* _Exercise objective_: Only certain lines below are wanted: those starting at the line containing "Trendy boucle jacket" and ending at the line containing "Pastelaria de rolos", both included, each retyped exactly.

* _Records supplied_:

........

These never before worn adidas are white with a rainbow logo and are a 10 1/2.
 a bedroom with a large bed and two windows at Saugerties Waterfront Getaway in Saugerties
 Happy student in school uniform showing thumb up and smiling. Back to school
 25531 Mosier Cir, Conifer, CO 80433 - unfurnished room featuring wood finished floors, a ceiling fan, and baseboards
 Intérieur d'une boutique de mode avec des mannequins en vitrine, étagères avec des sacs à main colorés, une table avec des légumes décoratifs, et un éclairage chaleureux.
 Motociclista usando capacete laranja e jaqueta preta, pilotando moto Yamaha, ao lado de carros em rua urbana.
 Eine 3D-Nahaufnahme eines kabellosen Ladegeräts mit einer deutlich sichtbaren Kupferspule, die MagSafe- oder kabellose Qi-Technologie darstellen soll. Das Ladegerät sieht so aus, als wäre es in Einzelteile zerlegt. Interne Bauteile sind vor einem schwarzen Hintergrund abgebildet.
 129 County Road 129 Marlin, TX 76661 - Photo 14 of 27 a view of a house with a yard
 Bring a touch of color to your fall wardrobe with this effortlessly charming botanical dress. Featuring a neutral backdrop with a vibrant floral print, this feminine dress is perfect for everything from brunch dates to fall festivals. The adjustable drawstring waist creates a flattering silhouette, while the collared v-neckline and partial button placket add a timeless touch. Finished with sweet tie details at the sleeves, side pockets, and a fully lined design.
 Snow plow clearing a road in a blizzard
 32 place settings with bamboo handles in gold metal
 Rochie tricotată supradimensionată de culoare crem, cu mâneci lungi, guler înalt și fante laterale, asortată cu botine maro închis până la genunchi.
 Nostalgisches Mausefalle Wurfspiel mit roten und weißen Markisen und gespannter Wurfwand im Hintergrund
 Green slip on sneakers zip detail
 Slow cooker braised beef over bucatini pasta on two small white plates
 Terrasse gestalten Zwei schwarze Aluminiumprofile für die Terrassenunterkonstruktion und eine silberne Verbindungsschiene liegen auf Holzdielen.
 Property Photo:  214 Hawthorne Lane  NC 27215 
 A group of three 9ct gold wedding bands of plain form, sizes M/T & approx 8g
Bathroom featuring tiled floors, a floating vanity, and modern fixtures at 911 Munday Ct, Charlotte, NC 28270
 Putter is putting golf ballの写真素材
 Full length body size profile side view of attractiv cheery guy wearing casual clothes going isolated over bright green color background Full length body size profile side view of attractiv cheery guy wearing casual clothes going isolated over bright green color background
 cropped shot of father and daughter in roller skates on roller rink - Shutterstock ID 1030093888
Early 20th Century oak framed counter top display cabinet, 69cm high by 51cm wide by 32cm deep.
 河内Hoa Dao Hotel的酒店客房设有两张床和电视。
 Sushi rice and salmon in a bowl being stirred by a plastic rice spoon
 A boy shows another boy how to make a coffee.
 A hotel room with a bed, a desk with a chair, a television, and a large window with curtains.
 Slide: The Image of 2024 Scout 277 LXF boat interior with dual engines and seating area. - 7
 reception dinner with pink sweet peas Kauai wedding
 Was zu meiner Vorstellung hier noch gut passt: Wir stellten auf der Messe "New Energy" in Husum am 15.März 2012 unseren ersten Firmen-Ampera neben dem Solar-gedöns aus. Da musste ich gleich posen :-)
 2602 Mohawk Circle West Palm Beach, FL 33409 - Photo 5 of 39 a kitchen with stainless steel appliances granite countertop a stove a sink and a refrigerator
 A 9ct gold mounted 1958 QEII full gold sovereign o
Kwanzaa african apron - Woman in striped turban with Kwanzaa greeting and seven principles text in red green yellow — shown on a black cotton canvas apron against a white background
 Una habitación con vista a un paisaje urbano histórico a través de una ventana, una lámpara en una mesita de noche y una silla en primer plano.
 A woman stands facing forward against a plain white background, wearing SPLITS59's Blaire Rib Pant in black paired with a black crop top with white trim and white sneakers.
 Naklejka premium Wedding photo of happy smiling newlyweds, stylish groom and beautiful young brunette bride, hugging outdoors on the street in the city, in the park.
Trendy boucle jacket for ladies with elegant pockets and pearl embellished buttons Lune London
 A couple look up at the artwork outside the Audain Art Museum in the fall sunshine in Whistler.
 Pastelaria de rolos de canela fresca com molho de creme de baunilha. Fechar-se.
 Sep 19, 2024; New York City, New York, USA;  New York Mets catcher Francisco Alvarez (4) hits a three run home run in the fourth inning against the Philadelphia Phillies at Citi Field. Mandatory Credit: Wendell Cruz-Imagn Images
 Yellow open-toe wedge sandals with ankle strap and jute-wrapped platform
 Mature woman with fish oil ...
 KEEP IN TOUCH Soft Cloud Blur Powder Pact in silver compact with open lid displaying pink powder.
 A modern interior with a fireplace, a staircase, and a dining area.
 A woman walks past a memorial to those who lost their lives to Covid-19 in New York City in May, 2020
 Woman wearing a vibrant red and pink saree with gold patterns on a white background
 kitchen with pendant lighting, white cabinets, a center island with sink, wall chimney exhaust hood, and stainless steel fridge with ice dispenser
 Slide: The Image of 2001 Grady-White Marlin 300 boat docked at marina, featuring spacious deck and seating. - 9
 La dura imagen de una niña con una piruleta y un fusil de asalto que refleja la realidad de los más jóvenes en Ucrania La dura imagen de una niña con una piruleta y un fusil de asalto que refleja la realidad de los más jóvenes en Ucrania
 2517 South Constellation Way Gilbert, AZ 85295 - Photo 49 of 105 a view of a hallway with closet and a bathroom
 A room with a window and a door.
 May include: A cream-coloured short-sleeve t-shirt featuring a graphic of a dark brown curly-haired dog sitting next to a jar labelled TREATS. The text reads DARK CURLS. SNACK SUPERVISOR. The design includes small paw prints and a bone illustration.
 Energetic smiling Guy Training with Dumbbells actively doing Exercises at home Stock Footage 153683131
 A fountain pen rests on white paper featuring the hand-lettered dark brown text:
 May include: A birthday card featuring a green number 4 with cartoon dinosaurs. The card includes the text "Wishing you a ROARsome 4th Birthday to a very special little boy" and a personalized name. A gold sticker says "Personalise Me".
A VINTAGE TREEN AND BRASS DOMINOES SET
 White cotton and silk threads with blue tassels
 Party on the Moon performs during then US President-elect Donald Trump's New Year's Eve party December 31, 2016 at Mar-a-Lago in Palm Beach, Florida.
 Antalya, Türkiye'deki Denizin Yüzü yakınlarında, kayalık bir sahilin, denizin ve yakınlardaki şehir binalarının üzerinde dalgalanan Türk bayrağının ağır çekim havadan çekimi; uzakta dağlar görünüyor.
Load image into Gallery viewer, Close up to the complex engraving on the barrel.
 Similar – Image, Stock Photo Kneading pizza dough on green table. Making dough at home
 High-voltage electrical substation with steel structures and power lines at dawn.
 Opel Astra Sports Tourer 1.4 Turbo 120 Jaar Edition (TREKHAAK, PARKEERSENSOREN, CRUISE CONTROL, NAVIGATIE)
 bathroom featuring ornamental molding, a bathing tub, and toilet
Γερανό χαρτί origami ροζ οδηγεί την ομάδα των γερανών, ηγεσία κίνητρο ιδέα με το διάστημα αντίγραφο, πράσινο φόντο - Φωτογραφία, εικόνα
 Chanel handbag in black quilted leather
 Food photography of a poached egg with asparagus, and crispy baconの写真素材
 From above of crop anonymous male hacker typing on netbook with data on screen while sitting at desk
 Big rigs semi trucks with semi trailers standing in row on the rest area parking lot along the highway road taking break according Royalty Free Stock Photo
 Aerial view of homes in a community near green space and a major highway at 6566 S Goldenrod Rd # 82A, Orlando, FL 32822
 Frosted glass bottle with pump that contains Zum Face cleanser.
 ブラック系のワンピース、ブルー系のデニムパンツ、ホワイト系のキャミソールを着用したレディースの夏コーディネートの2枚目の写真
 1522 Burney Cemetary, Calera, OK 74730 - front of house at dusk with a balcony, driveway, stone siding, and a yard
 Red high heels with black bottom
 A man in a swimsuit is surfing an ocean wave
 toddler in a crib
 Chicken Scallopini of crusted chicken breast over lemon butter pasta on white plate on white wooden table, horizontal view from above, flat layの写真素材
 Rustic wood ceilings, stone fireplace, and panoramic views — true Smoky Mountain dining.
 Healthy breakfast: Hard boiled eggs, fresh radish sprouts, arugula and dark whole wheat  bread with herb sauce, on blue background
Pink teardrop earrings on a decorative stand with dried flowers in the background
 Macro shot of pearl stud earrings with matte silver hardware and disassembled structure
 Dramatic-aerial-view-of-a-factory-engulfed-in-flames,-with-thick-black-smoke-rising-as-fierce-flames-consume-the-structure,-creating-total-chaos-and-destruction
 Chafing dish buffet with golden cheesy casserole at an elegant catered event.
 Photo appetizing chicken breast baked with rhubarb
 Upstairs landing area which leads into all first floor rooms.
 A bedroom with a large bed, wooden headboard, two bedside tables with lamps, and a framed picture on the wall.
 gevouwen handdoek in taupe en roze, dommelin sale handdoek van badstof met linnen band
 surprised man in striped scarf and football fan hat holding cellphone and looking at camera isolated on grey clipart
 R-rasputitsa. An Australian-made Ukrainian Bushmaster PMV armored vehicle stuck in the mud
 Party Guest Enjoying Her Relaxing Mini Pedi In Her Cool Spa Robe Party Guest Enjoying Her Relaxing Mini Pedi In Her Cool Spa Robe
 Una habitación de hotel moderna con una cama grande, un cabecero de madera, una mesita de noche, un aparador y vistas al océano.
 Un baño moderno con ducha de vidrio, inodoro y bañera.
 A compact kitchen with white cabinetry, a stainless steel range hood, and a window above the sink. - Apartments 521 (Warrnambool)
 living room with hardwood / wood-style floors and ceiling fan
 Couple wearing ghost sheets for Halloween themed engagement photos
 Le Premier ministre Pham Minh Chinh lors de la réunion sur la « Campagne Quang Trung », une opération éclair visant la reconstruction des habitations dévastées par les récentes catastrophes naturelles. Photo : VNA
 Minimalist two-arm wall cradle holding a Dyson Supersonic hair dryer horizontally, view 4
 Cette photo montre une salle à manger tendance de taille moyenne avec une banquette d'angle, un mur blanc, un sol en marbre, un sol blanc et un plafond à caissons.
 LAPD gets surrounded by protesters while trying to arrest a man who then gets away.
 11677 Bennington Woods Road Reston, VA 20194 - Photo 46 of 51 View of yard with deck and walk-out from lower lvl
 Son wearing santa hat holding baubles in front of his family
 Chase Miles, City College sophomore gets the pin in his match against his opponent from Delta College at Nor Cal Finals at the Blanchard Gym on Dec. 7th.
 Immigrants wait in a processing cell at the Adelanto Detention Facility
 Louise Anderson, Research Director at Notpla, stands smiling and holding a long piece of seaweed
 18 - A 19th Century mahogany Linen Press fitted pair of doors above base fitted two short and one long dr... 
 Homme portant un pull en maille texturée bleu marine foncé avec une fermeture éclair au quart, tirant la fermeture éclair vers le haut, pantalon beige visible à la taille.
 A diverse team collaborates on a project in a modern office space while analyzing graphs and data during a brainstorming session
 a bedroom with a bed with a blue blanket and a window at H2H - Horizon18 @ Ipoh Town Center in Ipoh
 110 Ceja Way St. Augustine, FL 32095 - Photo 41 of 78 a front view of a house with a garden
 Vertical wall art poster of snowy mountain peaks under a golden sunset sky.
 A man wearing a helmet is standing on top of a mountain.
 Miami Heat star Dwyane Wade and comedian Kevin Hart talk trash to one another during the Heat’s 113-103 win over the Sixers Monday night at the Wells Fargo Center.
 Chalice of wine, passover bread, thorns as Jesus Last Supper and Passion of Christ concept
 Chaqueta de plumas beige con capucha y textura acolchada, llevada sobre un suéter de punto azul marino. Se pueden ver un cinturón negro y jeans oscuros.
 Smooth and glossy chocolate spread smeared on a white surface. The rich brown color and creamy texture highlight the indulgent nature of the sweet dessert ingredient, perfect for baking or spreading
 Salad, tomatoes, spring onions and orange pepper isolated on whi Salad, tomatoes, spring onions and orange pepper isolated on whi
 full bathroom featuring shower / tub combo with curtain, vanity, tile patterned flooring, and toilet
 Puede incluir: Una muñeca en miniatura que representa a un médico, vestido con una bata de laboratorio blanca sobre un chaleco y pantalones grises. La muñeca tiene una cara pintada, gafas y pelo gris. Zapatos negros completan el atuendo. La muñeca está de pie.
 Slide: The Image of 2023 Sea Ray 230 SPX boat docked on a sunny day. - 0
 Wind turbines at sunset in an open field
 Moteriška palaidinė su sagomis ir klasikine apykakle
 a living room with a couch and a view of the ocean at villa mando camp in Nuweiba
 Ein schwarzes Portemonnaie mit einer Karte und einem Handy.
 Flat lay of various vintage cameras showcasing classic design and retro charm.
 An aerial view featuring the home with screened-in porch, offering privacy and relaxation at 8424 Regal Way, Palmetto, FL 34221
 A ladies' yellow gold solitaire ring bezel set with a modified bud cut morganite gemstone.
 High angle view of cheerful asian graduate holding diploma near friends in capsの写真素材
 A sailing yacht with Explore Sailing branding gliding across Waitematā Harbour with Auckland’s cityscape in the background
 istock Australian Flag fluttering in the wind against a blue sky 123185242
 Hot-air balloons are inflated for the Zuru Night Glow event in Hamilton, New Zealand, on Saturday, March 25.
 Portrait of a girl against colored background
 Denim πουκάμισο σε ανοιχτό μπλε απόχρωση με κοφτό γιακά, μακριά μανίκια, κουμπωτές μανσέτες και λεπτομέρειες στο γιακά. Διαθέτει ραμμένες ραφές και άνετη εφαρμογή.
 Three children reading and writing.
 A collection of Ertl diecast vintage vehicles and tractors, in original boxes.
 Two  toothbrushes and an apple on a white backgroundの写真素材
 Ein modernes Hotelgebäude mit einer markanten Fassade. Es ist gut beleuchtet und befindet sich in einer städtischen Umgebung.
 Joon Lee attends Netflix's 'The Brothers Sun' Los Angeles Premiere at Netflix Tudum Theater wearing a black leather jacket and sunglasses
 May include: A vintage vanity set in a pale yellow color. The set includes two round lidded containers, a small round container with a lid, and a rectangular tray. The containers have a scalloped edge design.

........

* _Expected answer_:
Trendy boucle jacket for ladies with elegant pockets and pearl embellished buttons Lune London
 A couple look up at the artwork outside the Audain Art Museum in the fall sunshine in Whistler.
 Pastelaria de rolos de canela fresca com molho de creme de baunilha. Fechar-se.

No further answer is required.